A las cuatro llamó el buen amigo a mi puerta, y hacía una hora que lo esperaba yo, listo ya para marchar. El, Lorenzo y yo nos desayunamos con brandy y café mientras los bogas conducían a las canoas mi equipaje, y poco después estábamos todos en la playa.
La Luna, grande y en su plenitud, descendía ya al ocaso, y al aparecer bajo las negras nubes que la habían ocultado, bañó las selvas distantes, los manglares de las riberas y la mar tersa y callada con resplandores trémulos y rojizos, como los que esparcen los blandones de un féretro sobre el pavimento de mármol y los muros de una sala mortuoria.

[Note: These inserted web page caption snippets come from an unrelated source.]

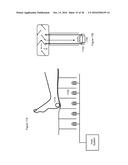 Calibrated Systems, Devices and Methods for Preventing, Detecting, and     Treating Pressure-Induced Ischemia, Pressure Ulcers, and Other Conditions diagram and image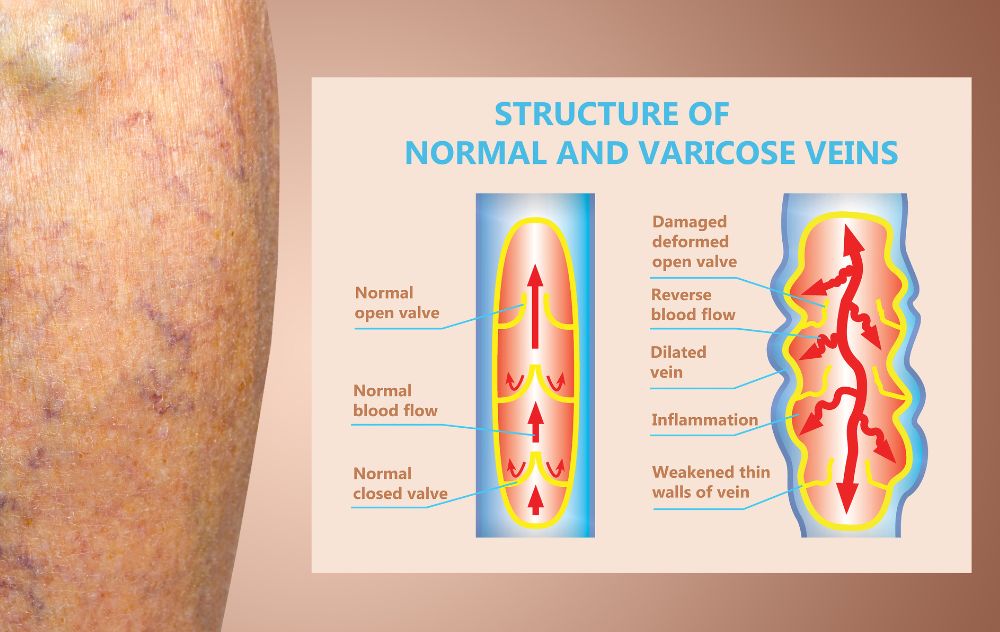 What to Know About Vein Valves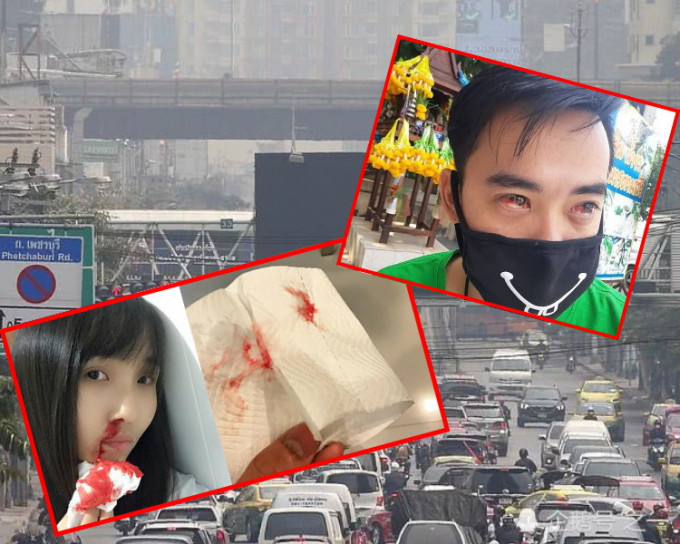 曼谷笼罩有毒雾霾中近1个月，当地有居民出现流鼻血、咳血、眼睛充血等症状。
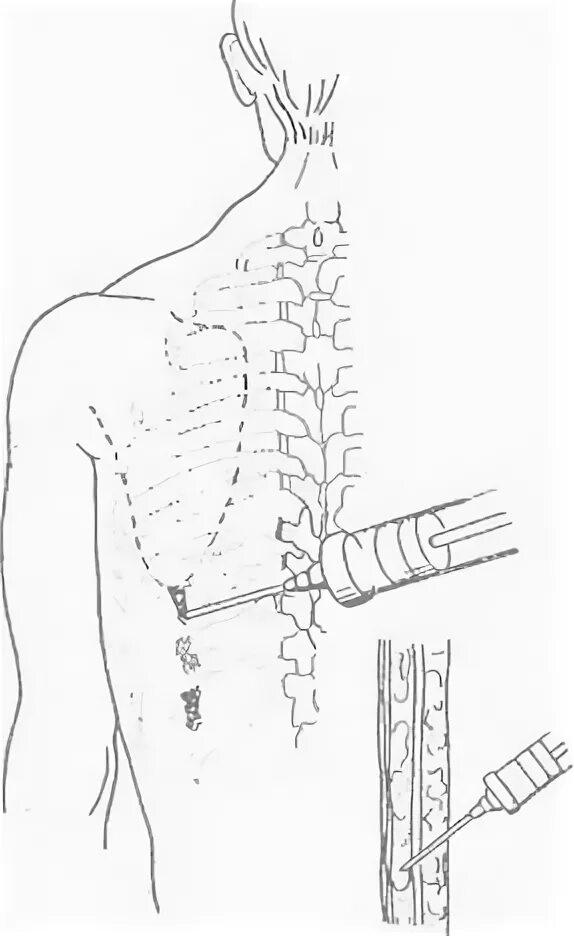 Межреберная блокада. Паравертебральная блокада межреберных нервов. Грудная паравертебральная блокада. Паравертебральная блокада в акушерстве. Иглы для паравертебральной блокады.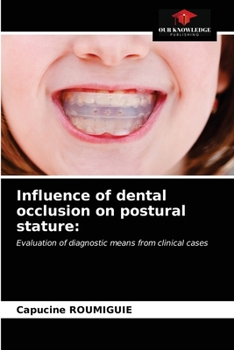 Paperback Influence of dental occlusion on postural stature Book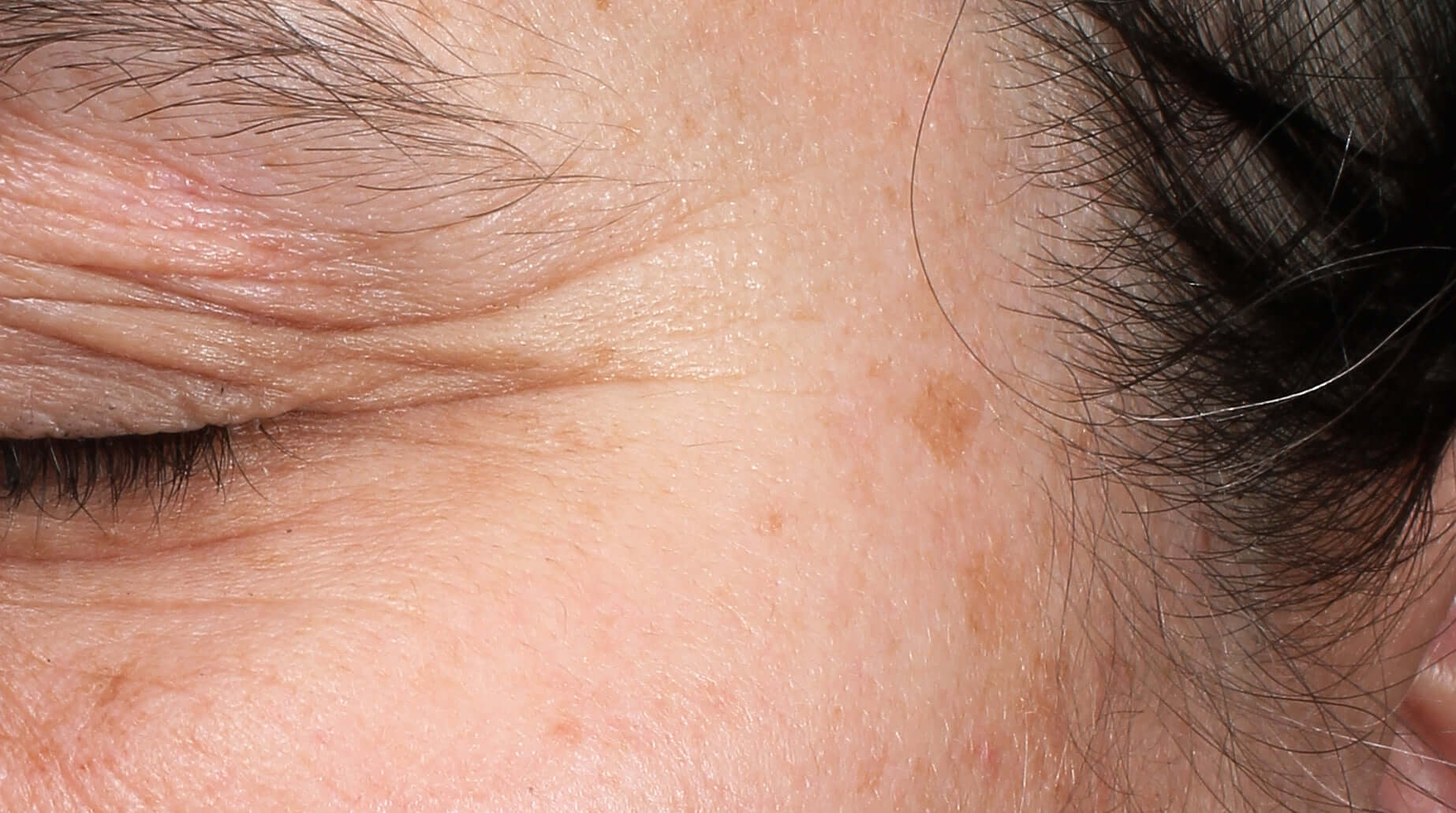 Before using CELF Rejuvenation Station - CELF is proven to dramatically reduce wrinkles microvibration therapy skincare CELF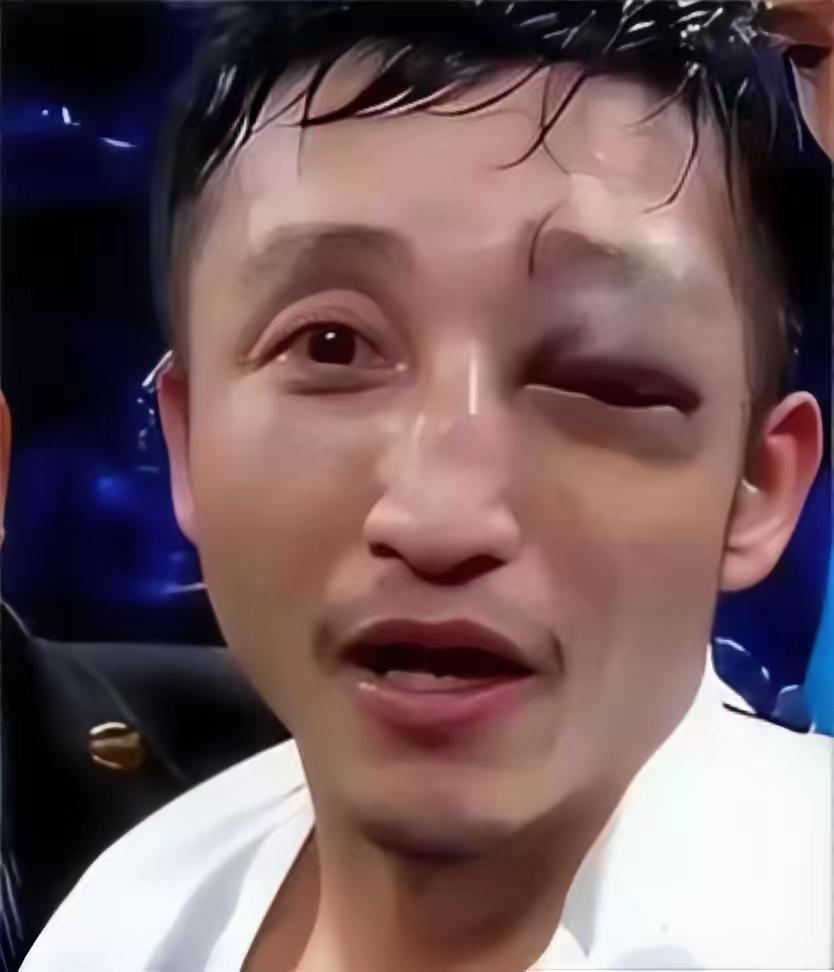 拿命拼来的2亿身家，愣是在商场败了个精光，邹市明这步棋，走得太让人心疼！拳台上左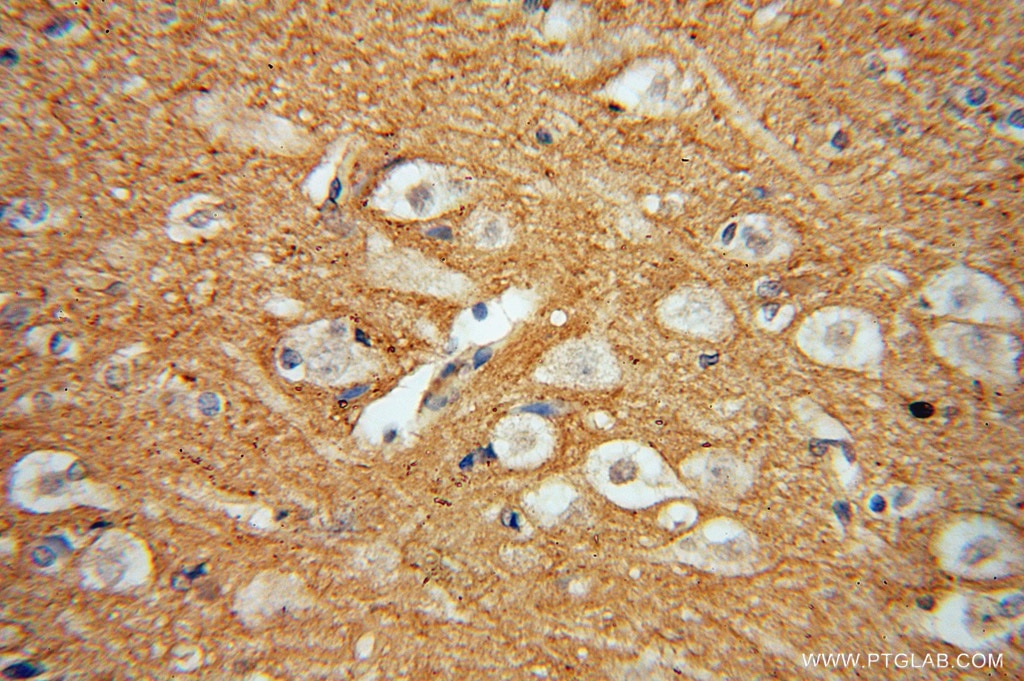 Immunohistochemistry (IHC) staining of human brain tissue using DGKA Polyclonal antibody (11547-1-AP)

—¿Y ahora hasta cuándo? —me dijo el Administrador correspondiendo a mi abrazo de despedida con otro apretado.
—Quizá volveré muy pronto —le respondí.
—¿Regresas, pues, a Europa?
—Tal vez.
Aquel hombre tan festivo me pareció melancólico en ese momento.
Al alejarse de la orilla la canoa ranchada, en la cual íbamos Lorenzo y yo, grito:
—¡Muy buen viaje!
Y dirigiéndose a los dos bogas:
—¡Cortico! ¡Laureán!… cuidármelo mucho, cuidármelo como cosa mía.